The role of history as preserver of shared identity often gets underplayed. As does its importance as the factor that fosters bonding in the community. A society with a stronger sense of its history is likely to hold together better than one without it. In Odisha, how deep or far does it go?
Not much. Simply because our young are not made aware of their past the way they must be. Check the presence of Odisha’s history in the curriculum till class ten and you get the picture. Also, it has to with the flawed way we approach history as an academic discipline.
History, as we decipher from our text books, is about larger than life personalities – some lionised, some demonised – from the past, grand monuments and time-defining developments. The milestone-centric approach has several demerits, the most important being blank spaces. There are massive empty areas between the milestones.

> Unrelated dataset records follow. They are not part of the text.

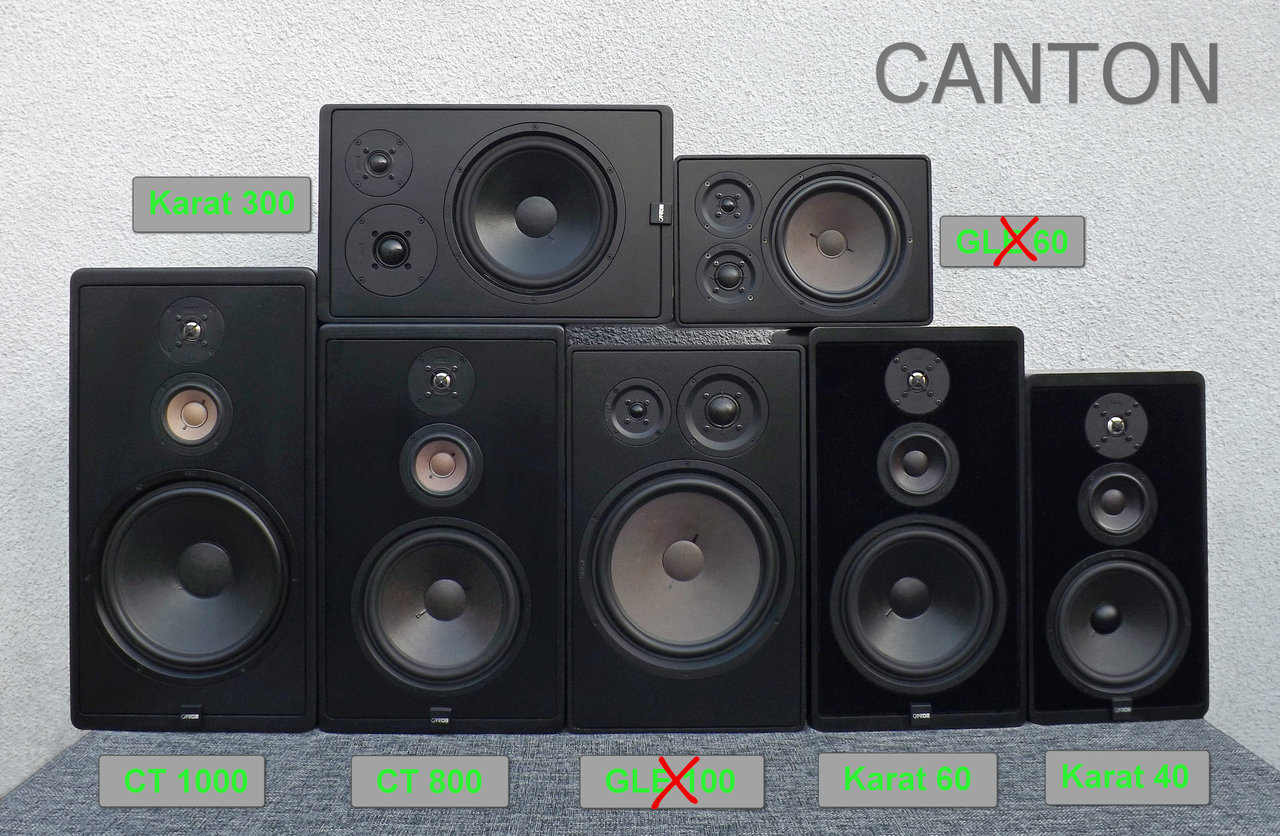 Harman Kardon PM655 Vxi, TU 920 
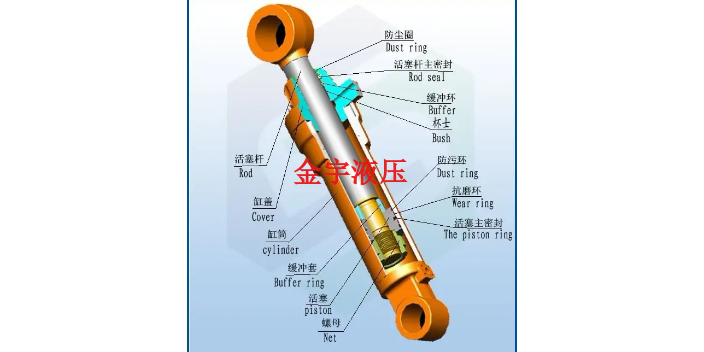 陕西本地液压油缸哪家便宜 推荐咨询 金宇液压供应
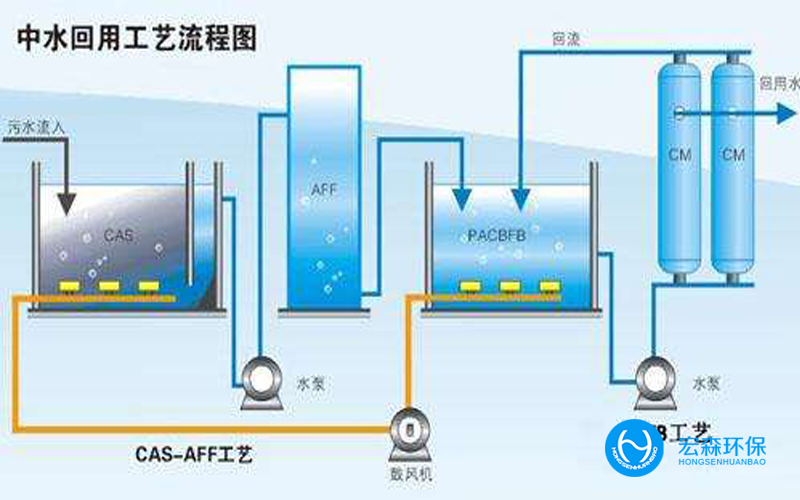 一體化工業中水回用設備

From the text books we never know whether these were a cauldron of human activity or cesspools of inertia or whether the intellectual, economic and social churn in those periods in some way shaped the milestones. Research throws up a wealth of knowledge but that hardly goes into what we study as students.
The Kalinga war of third century BC was a landmark event in ancient Odisha history. It is well-documented that emperor Ashoka, the mighty Maurya, encountered a stubborn challenge from the Kalingan warriors, possibly the toughest during his reign. The result is common knowledge, but little is known about the people who stood up to the mite of the empire with such fortitude. A robust fighting apparatus does not exist in a vacuum. It is always the product of a strong and stable government backed by a sound economy. What made the Kalingan army a formidable force? How much do you know about the history of the state before the great battle? Ask this to any student in Odisha, you are likely to draw a blank.
The other landmark that our text books would offer is Mahameghavahana Kharavela, placed by historians in the first and second centuries BC, whose inscriptions in Hatigumpha throw light on his rule. What do we know about the state of the affairs between the Kalinga war and the rise of Kharavela and the period beyond him? Again, you hit a blind spot. Research may have revealed irrefutable evidence of the vibrant, resilient nature of our society but none of this is public knowledge.
The problem of history being understood through milestones is that many currents that construct the times become irrelevant. To explain this through an example, if the rise of Narendra Modi is pinned down to the singular fact of his winning the general election of 2014 by historians a century later, then would be grossly incomplete knowledge for later generations. The explanation of his ascendancy would be inadequate without reference to the many developments that preceded and propelled his success, including the Anna Hazare phenomenon, corruption under the UPA, the diminishing faith of the citizens in their leaders, the growing distance between the political class and the people they represent, pervasive feeling of despondence in the country and so on.
Also, history is about people. How many times as students are we told that Odias were intrepid sea-faring people, who besides ruling the waves planted their culture across countries? Or they had a strong mercantile spirit that set them on voyages to the south-east Asian countries and as far as Sri Lanka? Or all major religious movements of the country found a base in the state and spread to other geographies from there? Again, not much. All achievements of the past should form part of our collective identity and pride. They bind people better than the stories of dynasties.
If we find something amiss on both fronts, then we must blame ourselves for being irreverent to the deeper meaning of history.